How the Melbourne Diocese is helping asylum seekers
Anglican agencies and parishes in Melbourne and Geelong are working in a range of ways to support refugees and asylum seekers. Here is a sample.
March 22 2016Anglicare Victoria provides safe housing for 65 refugee families in the community, and supports unaccompanied asylum seekers aged under 18 who are waiting for their visa application to be processed. Anglicare assists with cooking, cleaning, transport, shopping, education and healthcare, and helps these young people to integrate into the broader community through school, social networks, community groups and recreational activities.
The Brotherhood of St Laurence offers skills training and work placement for refugees through its Given the Chance program. Up to 60 businesses, from Woolworths to neighbourhood coffee shops, have participated, and some 230 asylum seekers have already found employment since the service was launched in July 2013.
The Ecumenical Migration Centre has been helping vulnerable migrants and refugees in Australia for more than half a century. The Brotherhood is also active in the policy and advocacy spaces.
The Brotherhood supports monthly social excursions for asylum seekers living in Melbourne’s northern suburbs. Aimed at combating social isolation, these activities have included attending an AFL game and country day trips.
“Before I moved to Australia, I had no idea about interview skills or job-searching skills,” said Abdullahi, a 27-year-old asylum seeker from Somalia, a country in east Africa. He credits the Brotherhood of St Laurence and a partner agency, Wear for Success – which supplied him with work clothing – with helping him to secure his first job in Australia.
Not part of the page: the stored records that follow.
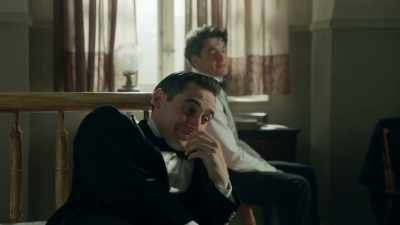 Jason was born six weeks early,
so, uh... - Grand Hotel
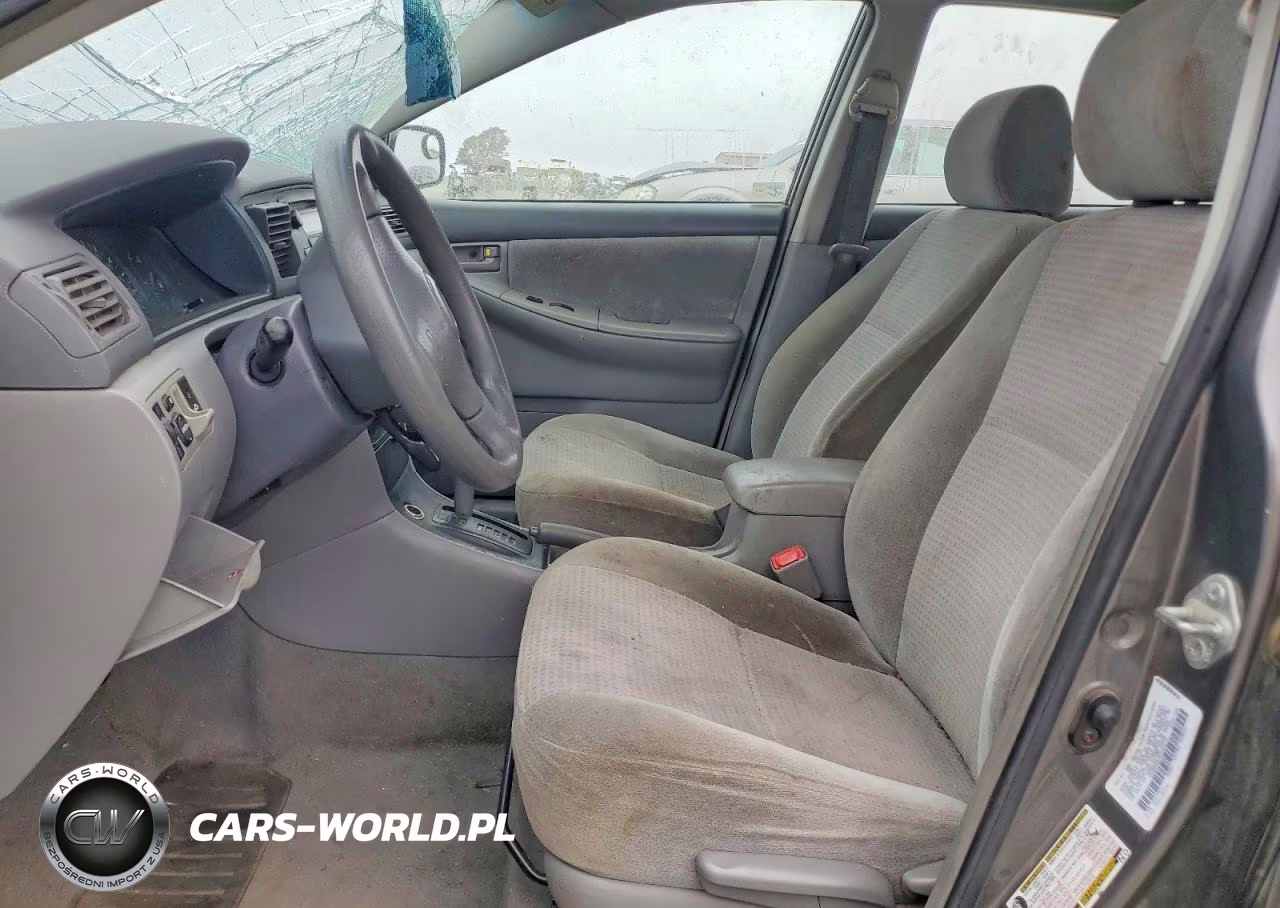 2005 Toyota Corolla Ce VIN:1NXBR32E45Z362370 - 7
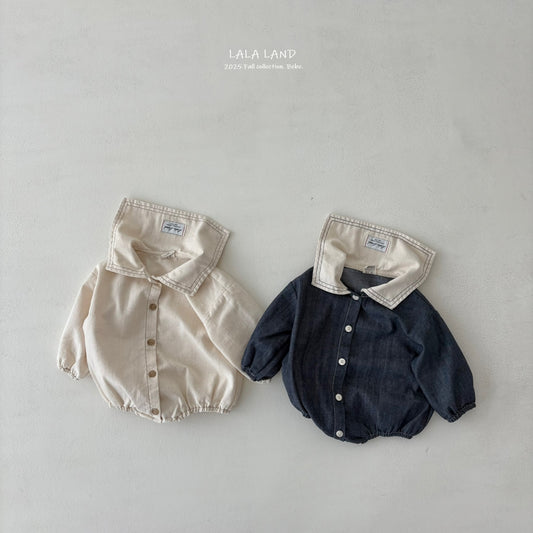 [PRE-ORDER] Denim Sailor Body Suit
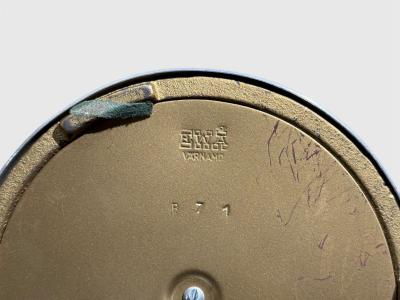 Ew V rnamo Adjustable Desk Lamp Brass Metal Sweden 1980s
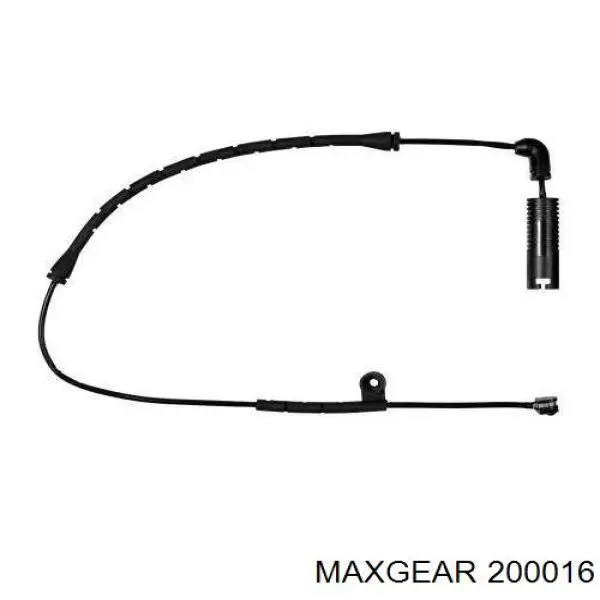 20-0016 Maxgear contacto de aviso, desgaste de los frenos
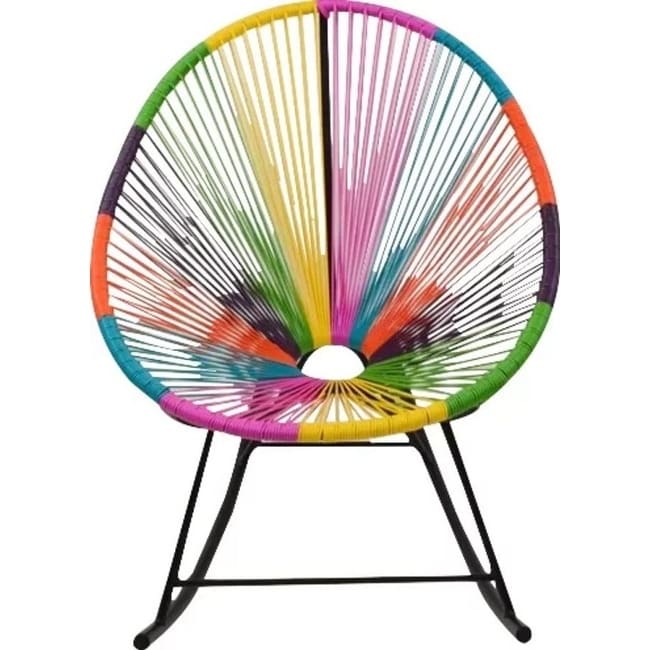 Rainbow Acapulco Rocking Chair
St Paul’s Cathedral reaches more than 6000 refugees and migrants a year through its English as a Second Language Program.
St Alban the Martyr, St Albans, supports refugees through a partnership project with Anglicare, distributing food packages, whitegoods and furniture.
Karen refugees run a community garden at St Thomas’ Werribee.
Bishop Peter Danaher from All Saints Newtown is part of the Combined Refugee and Asylum Group Geelong, which meets monthly and holds rallies, writes letters, develops petitions and holds vigils at the offices of two local MPs. The group also collects food donations.
Corio-Norlane parish runs a homework club, with students from Geelong Grammar School and Kardinia College volunteering their time. The parish also distributes clothing and furniture donated by parishes in the Geelong area.
Werribee parish runs an English conversation class. This free program is aimed particularly at Karen, Sri Lankan and Middle Eastern refugees. The parish also plans to start a community playgroup which will particularly focus on people with low English skills.
Parishioners from St Matthew’s Glenroy accompany asylum seekers from the parish and local area to interviews with the Department of Immigration, and provide character references when the asylum seeker is known to the parish and has become part of the worshipping community. The parish also provides English classes and assistance with filling out forms.
Gisborne parish launched a refugee support group in late 2015. In addition to financial support for refugees, it has organised a visit to the Broadmeadows detention centre, a day trip for refugee women hosted by a country parish, and political advocacy.
St Mary’s Anglican and St Andrew’s Uniting churches, Sunbury, held a weekend-long event in November 2015 to welcome asylum seekers. The weekend included a bush dance and dinner on the Saturday night, and a picnic on Sunday.
Christ Church Melton has a Sudanese congregation with its own lay leadership and an elected worship and pastoral leader. Sudanese parishioners teach their young people Dinka song and dance, and also Sunday School. Combined services are held throughout the year on special occasions.